** Opening Material for the task block **

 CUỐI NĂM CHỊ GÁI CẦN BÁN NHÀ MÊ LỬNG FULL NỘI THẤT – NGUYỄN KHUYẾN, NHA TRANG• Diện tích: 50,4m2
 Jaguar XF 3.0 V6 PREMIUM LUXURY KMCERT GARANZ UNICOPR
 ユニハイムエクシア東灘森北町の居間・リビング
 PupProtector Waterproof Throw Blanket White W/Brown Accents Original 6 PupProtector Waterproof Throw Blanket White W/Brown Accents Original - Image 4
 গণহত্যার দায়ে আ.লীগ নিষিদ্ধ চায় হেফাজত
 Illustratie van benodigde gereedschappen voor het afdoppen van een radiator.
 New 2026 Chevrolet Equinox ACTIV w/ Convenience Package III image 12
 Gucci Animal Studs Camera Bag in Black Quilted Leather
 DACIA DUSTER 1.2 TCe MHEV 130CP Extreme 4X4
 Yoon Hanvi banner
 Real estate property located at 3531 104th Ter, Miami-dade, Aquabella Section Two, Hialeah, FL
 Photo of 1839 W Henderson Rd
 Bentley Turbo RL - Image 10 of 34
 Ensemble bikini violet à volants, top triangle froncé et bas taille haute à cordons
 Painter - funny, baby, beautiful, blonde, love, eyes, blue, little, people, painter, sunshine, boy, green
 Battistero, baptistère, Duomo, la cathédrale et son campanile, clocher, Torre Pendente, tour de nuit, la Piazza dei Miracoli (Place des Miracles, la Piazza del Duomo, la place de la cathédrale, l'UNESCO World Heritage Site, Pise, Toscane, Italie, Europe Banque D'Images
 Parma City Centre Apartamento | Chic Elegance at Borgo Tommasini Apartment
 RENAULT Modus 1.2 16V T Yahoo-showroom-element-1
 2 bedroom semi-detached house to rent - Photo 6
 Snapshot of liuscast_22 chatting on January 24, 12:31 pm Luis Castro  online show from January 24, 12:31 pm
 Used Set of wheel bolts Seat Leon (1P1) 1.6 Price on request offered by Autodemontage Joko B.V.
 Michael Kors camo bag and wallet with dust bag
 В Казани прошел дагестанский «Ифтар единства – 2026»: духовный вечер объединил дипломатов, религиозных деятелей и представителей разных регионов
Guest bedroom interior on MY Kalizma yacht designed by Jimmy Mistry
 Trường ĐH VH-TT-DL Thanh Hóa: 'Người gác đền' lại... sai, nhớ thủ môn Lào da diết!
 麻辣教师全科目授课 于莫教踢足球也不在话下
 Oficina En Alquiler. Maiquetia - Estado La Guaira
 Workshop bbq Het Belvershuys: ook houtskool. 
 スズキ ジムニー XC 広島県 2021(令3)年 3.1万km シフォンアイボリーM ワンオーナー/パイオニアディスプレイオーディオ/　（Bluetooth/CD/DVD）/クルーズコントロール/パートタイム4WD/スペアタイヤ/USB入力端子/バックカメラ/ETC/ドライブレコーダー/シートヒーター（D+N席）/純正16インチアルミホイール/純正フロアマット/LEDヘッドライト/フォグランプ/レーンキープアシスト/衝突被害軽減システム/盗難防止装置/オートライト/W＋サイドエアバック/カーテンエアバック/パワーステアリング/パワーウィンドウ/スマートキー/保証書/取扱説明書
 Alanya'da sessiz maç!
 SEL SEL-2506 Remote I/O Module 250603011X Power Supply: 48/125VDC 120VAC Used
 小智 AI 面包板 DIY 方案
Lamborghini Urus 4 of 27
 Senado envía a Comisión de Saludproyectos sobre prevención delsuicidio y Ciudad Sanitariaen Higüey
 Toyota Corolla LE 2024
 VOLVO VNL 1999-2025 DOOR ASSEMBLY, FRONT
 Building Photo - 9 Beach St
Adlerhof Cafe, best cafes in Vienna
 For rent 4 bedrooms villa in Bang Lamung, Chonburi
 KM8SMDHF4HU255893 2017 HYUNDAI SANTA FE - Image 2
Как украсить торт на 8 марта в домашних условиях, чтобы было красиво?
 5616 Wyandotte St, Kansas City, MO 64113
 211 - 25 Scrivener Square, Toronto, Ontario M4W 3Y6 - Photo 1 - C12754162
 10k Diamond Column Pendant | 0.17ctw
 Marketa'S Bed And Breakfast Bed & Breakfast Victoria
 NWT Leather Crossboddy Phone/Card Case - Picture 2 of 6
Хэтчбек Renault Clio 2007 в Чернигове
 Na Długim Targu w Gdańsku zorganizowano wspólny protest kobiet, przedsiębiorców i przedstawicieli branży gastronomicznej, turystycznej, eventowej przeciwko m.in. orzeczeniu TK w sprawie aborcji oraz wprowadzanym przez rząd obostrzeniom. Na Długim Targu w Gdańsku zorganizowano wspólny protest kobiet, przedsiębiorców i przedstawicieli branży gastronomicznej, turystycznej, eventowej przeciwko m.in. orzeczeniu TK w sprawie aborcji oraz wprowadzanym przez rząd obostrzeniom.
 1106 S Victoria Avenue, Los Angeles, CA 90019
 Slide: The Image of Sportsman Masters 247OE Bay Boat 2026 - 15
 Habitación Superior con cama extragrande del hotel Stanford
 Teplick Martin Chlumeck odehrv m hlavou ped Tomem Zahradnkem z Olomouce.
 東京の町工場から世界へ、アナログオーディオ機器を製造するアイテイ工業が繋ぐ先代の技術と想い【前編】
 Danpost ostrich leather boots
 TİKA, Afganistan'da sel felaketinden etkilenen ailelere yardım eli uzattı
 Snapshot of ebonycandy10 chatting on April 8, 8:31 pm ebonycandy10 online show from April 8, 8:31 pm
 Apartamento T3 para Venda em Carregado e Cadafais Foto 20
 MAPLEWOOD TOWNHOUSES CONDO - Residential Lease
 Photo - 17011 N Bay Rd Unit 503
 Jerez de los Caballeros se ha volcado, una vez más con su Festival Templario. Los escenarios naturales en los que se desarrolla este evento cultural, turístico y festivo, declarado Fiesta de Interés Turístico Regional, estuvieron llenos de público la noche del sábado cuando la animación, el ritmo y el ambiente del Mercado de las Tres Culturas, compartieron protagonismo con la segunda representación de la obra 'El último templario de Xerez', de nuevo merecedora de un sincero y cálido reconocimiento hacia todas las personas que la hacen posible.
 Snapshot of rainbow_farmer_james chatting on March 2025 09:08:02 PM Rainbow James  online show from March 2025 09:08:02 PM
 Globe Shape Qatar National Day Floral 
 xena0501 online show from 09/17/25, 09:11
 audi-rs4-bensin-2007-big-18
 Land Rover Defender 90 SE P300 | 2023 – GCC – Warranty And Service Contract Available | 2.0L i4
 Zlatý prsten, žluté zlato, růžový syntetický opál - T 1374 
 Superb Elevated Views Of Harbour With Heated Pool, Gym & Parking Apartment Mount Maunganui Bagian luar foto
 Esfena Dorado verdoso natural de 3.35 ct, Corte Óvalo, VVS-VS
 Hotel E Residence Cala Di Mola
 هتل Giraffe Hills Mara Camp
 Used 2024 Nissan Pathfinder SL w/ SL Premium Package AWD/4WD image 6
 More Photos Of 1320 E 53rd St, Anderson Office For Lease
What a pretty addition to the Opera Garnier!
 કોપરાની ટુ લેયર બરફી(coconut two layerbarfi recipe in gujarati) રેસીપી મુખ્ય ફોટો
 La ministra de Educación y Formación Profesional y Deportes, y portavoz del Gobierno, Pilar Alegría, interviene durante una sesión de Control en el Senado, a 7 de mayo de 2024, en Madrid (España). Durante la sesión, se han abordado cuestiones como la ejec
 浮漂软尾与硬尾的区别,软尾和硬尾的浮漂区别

** Closing Material for the task block **

Problem to solve: From the first line to the last, copy the records without alteration.

Exercise output:
 CUỐI NĂM CHỊ GÁI CẦN BÁN NHÀ MÊ LỬNG FULL NỘI THẤT – NGUYỄN KHUYẾN, NHA TRANG• Diện tích: 50,4m2
 Jaguar XF 3.0 V6 PREMIUM LUXURY KMCERT GARANZ UNICOPR
 ユニハイムエクシア東灘森北町の居間・リビング
 PupProtector Waterproof Throw Blanket White W/Brown Accents Original 6 PupProtector Waterproof Throw Blanket White W/Brown Accents Original - Image 4
 গণহত্যার দায়ে আ.লীগ নিষিদ্ধ চায় হেফাজত
 Illustratie van benodigde gereedschappen voor het afdoppen van een radiator.
 New 2026 Chevrolet Equinox ACTIV w/ Convenience Package III image 12
 Gucci Animal Studs Camera Bag in Black Quilted Leather
 DACIA DUSTER 1.2 TCe MHEV 130CP Extreme 4X4
 Yoon Hanvi banner
 Real estate property located at 3531 104th Ter, Miami-dade, Aquabella Section Two, Hialeah, FL
 Photo of 1839 W Henderson Rd
 Bentley Turbo RL - Image 10 of 34
 Ensemble bikini violet à volants, top triangle froncé et bas taille haute à cordons
 Painter - funny, baby, beautiful, blonde, love, eyes, blue, little, people, painter, sunshine, boy, green
 Battistero, baptistère, Duomo, la cathédrale et son campanile, clocher, Torre Pendente, tour de nuit, la Piazza dei Miracoli (Place des Miracles, la Piazza del Duomo, la place de la cathédrale, l'UNESCO World Heritage Site, Pise, Toscane, Italie, Europe Banque D'Images
 Parma City Centre Apartamento | Chic Elegance at Borgo Tommasini Apartment
 RENAULT Modus 1.2 16V T Yahoo-showroom-element-1
 2 bedroom semi-detached house to rent - Photo 6
 Snapshot of liuscast_22 chatting on January 24, 12:31 pm Luis Castro  online show from January 24, 12:31 pm
 Used Set of wheel bolts Seat Leon (1P1) 1.6 Price on request offered by Autodemontage Joko B.V.
 Michael Kors camo bag and wallet with dust bag
 В Казани прошел дагестанский «Ифтар единства – 2026»: духовный вечер объединил дипломатов, религиозных деятелей и представителей разных регионов
Guest bedroom interior on MY Kalizma yacht designed by Jimmy Mistry
 Trường ĐH VH-TT-DL Thanh Hóa: 'Người gác đền' lại... sai, nhớ thủ môn Lào da diết!
 麻辣教师全科目授课 于莫教踢足球也不在话下
 Oficina En Alquiler. Maiquetia - Estado La Guaira
 Workshop bbq Het Belvershuys: ook houtskool. 
 スズキ ジムニー XC 広島県 2021(令3)年 3.1万km シフォンアイボリーM ワンオーナー/パイオニアディスプレイオーディオ/　（Bluetooth/CD/DVD）/クルーズコントロール/パートタイム4WD/スペアタイヤ/USB入力端子/バックカメラ/ETC/ドライブレコーダー/シートヒーター（D+N席）/純正16インチアルミホイール/純正フロアマット/LEDヘッドライト/フォグランプ/レーンキープアシスト/衝突被害軽減システム/盗難防止装置/オートライト/W＋サイドエアバック/カーテンエアバック/パワーステアリング/パワーウィンドウ/スマートキー/保証書/取扱説明書
 Alanya'da sessiz maç!
 SEL SEL-2506 Remote I/O Module 250603011X Power Supply: 48/125VDC 120VAC Used
 小智 AI 面包板 DIY 方案
Lamborghini Urus 4 of 27
 Senado envía a Comisión de Saludproyectos sobre prevención delsuicidio y Ciudad Sanitariaen Higüey
 Toyota Corolla LE 2024
 VOLVO VNL 1999-2025 DOOR ASSEMBLY, FRONT
 Building Photo - 9 Beach St
Adlerhof Cafe, best cafes in Vienna
 For rent 4 bedrooms villa in Bang Lamung, Chonburi
 KM8SMDHF4HU255893 2017 HYUNDAI SANTA FE - Image 2
Как украсить торт на 8 марта в домашних условиях, чтобы было красиво?
 5616 Wyandotte St, Kansas City, MO 64113
 211 - 25 Scrivener Square, Toronto, Ontario M4W 3Y6 - Photo 1 - C12754162
 10k Diamond Column Pendant | 0.17ctw
 Marketa'S Bed And Breakfast Bed & Breakfast Victoria
 NWT Leather Crossboddy Phone/Card Case - Picture 2 of 6
Хэтчбек Renault Clio 2007 в Чернигове
 Na Długim Targu w Gdańsku zorganizowano wspólny protest kobiet, przedsiębiorców i przedstawicieli branży gastronomicznej, turystycznej, eventowej przeciwko m.in. orzeczeniu TK w sprawie aborcji oraz wprowadzanym przez rząd obostrzeniom. Na Długim Targu w Gdańsku zorganizowano wspólny protest kobiet, przedsiębiorców i przedstawicieli branży gastronomicznej, turystycznej, eventowej przeciwko m.in. orzeczeniu TK w sprawie aborcji oraz wprowadzanym przez rząd obostrzeniom.
 1106 S Victoria Avenue, Los Angeles, CA 90019
 Slide: The Image of Sportsman Masters 247OE Bay Boat 2026 - 15
 Habitación Superior con cama extragrande del hotel Stanford
 Teplick Martin Chlumeck odehrv m hlavou ped Tomem Zahradnkem z Olomouce.
 東京の町工場から世界へ、アナログオーディオ機器を製造するアイテイ工業が繋ぐ先代の技術と想い【前編】
 Danpost ostrich leather boots
 TİKA, Afganistan'da sel felaketinden etkilenen ailelere yardım eli uzattı
 Snapshot of ebonycandy10 chatting on April 8, 8:31 pm ebonycandy10 online show from April 8, 8:31 pm
 Apartamento T3 para Venda em Carregado e Cadafais Foto 20
 MAPLEWOOD TOWNHOUSES CONDO - Residential Lease
 Photo - 17011 N Bay Rd Unit 503
 Jerez de los Caballeros se ha volcado, una vez más con su Festival Templario. Los escenarios naturales en los que se desarrolla este evento cultural, turístico y festivo, declarado Fiesta de Interés Turístico Regional, estuvieron llenos de público la noche del sábado cuando la animación, el ritmo y el ambiente del Mercado de las Tres Culturas, compartieron protagonismo con la segunda representación de la obra 'El último templario de Xerez', de nuevo merecedora de un sincero y cálido reconocimiento hacia todas las personas que la hacen posible.
 Snapshot of rainbow_farmer_james chatting on March 2025 09:08:02 PM Rainbow James  online show from March 2025 09:08:02 PM
 Globe Shape Qatar National Day Floral 
 xena0501 online show from 09/17/25, 09:11
 audi-rs4-bensin-2007-big-18
 Land Rover Defender 90 SE P300 | 2023 – GCC – Warranty And Service Contract Available | 2.0L i4
 Zlatý prsten, žluté zlato, růžový syntetický opál - T 1374 
 Superb Elevated Views Of Harbour With Heated Pool, Gym & Parking Apartment Mount Maunganui Bagian luar foto
 Esfena Dorado verdoso natural de 3.35 ct, Corte Óvalo, VVS-VS
 Hotel E Residence Cala Di Mola
 هتل Giraffe Hills Mara Camp
 Used 2024 Nissan Pathfinder SL w/ SL Premium Package AWD/4WD image 6
 More Photos Of 1320 E 53rd St, Anderson Office For Lease
What a pretty addition to the Opera Garnier!
 કોપરાની ટુ લેયર બરફી(coconut two layerbarfi recipe in gujarati) રેસીપી મુખ્ય ફોટો
 La ministra de Educación y Formación Profesional y Deportes, y portavoz del Gobierno, Pilar Alegría, interviene durante una sesión de Control en el Senado, a 7 de mayo de 2024, en Madrid (España). Durante la sesión, se han abordado cuestiones como la ejec
 浮漂软尾与硬尾的区别,软尾和硬尾的浮漂区别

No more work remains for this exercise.